Small Teams Moving Fast Are More Exposed to Documentation Gaps 

Staffing pressure in ASCs is real. Finding and keeping experienced perioperative nurses and anesthesia staff is harder than it used to be, and most ASCs are running without much margin. That affects more than patient care. It affects accountability. 

When the day is busy and the team is short, corners get cut. A second witness for waste documentation gets skipped. A discrepancy gets noted but doesn't get followed up. End of day reconciliation happens in a rush. None of these feel like major failures in the moment, but they create gaps in the record that become real problems during an inspection or investigation. 

When accountability is built into how the work gets done, not left up to individual memory or available time, documentation stays consistent even on the hardest days. 

Regulators Are Paying Closer Attention 

Adding higher-acuity service lines means operating under a more intense compliance lens. CMS' WISeR initiative, continued DEA enforcement, and accreditation standards around controlled substance management are all tightening. Surveyors are asking more specific questions and looking for records that demonstrate accountability, not just a log that shows the math works out. 

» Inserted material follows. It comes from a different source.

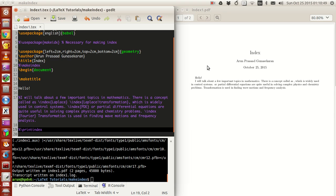Hello guys, my name is Arun and welcome to my channel. This series is a series of tutorials on LaTeX programming. In today's tutorial we will be looking at a very interesting and important concept called indices, or make indices.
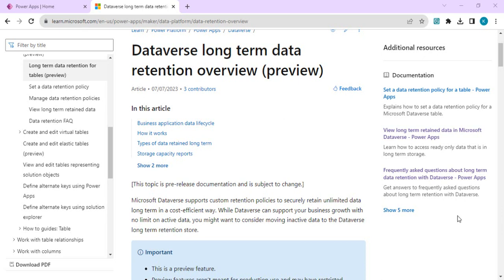Hello everyone, welcome back to the channel. In today's video we are going to talk about a newly released feature of Dataverse long-term data retention overview to create custom policies. Still in preview, it was recently released in July 2023 and available for public clouds only.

That means a retrievable, time-stamped audit trail. Documentation you can pull on short notice without having to reconstruct anything. A clear record of where discrepancies happened, how they were resolved, and who was involved. 

ASCs that are still relying on manual records to meet that standard are taking on unnecessary risk. Building consistent, documented processes into daily operations is what keeps you prepared, not just for the next survey, but for whatever comes after it. 

The Case Mix Is Changing. The Processes Behind It Should Too. 

Higher-acuity cases aren't slowing down. The pressure from payers and regulators to move more complex procedures out of hospitals will keep pushing ASCs in this direction. The centers that handle it well will be the ones that make sure their medication workflows match what their clinical teams are now being asked to do. 

Controlled substance management is one of the areas that matters most. The goal is a process that holds up every case, every shift, regardless of who's working or how busy the day gets. 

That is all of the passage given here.